El cuadro de salud del exmilitar se había agudizado en momentos en que afrontaba un nuevo juicio por crímenes de lesa humanidad.

Según los fundamentos de las condenas judiciales, Menéndez fue el principal responsable del "plan sistemático y generalizado de exterminio de la oposición política" de la última dictadura militar (1976-1983) en Córdoba y en 9 provincias del noroeste.

Fue uno de los genocidas no beneficiados por la ley de Obediencia Debi-da, dictada en 1987, recibió 15 condenas perpetuas y se hallaba implicado en unas 800 causas por crímenes cometidos por el terrorismo de Estado.

Eliminaba las pruebas

En su carácter de jefe del Tercer Cuerpo del Ejército y de la llamada Área 311, que abarcaba 10 provincias, Menéndez impartía órdenes e instrucciones, supervisaba sus resultados y generaba las condiciones para que fueran eliminadas todas las pruebas para que sus autores tuvieran impunidad.

Asumió la comandancia de esa jurisdicción militar con sede en Córdoba entre septiembre de 1975 y el mismo mes de 1979, pero alcanzó un poder absoluto sobre las 10 provincias del noroeste y Cuyo. 

Desde esa posición, fue el creador de los dos primeros centros clandestinos de detención del país: "La Escuelita" de Famaillá, en Tucumán, y "Campo de la Ribera", en Córdoba.

Apodado “La Hiena” por su crueldad con los prisioneros y “Cachorro” por ser hijo de un militar, Menéndez, un ultranacionalista católico, se casó con Edith Angélica Abarcay, fallecida en 2012, con quien tuvo siete hijos. 

Su linaje militar da cuenta de un padre teniente con actuación en la represión contra los anarquistas y comunistas, un tío que participó del intento de golpe contra el por entonces presidente Juan Domingo Perón en 1951 y un primo -Mario Benjamín, fallecido- que sucumbió como gobernador militar en el intento de reconquistar las Islas Malvinas en 1982.

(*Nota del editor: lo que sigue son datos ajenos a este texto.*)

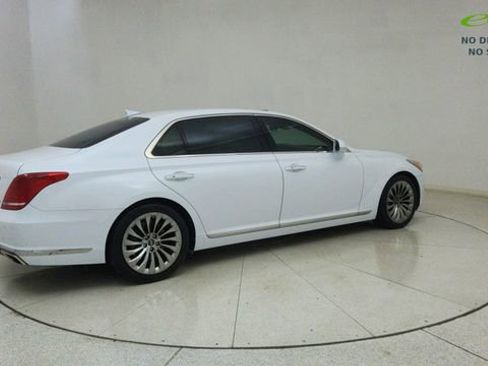 Used 2019 Genesis G90 3.3T Premium RWD image 69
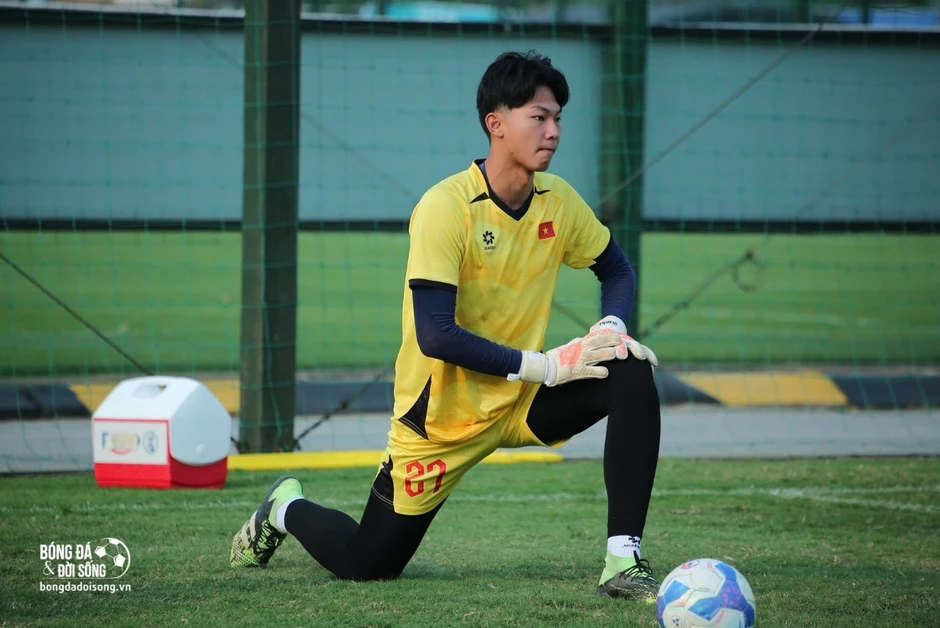 Thủ môn gần 2m U19 Việt Nam viral MXH, đi dạo phố vô tình gặp nàng thơ, "khi đi lẻ bóng, khi về có đôi" Thủ môn gần 2m U19 Việt Nam viral MXH, đi dạo phố vô tình gặp nàng thơ, "khi đi lẻ bóng, khi về có đôi"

A mediados de los años '60, fue alumno de la llamada "escuela contrarrevolucionaria francesa" y en los '70 viajó al campamento de Fort Lee, en Estados Unidos, para conocer la Doctrina de la Seguridad Nacional, la que dio paso a la intervención de las fuerzas armadas en conflictos internos de los países del "Tercer Mundo".

Menéndez se caracterizó por utilizar sistemáticamente, en cada uno de los juicios que lo tuvo como acusado, el derecho de hacer su descargo antes del veredicto. Fue así que pronunció extensos discursos en los que defendió la represión ilegal frente al "fantasma del comunismo", justificó los crímenes de lesa humanidad como "crímenes de guerra" y desconoció a la Justicia civil.

Había formado parte del grupo de los "duros", junto a los represores Guillermo Suárez Mason y Ramón Camps, de jefes de las Fuerzas Armadas que dieron el golpe de Estado del 24 de marzo de 1976.

Durante el conflicto de 1978 con Chile por la soberanía de islas del Canal de Beagle, Menéndez propició la invasión del vecino país en su condición de comandante del Tercer Cuerpo del Ejército y por tanto responsable de cubrir parte de la frontera argentino-chilena, e incluso se jactó de llegar al puerto chileno de Valparaíso para "mear champaña en el océano Pacífico" a modo de celebración.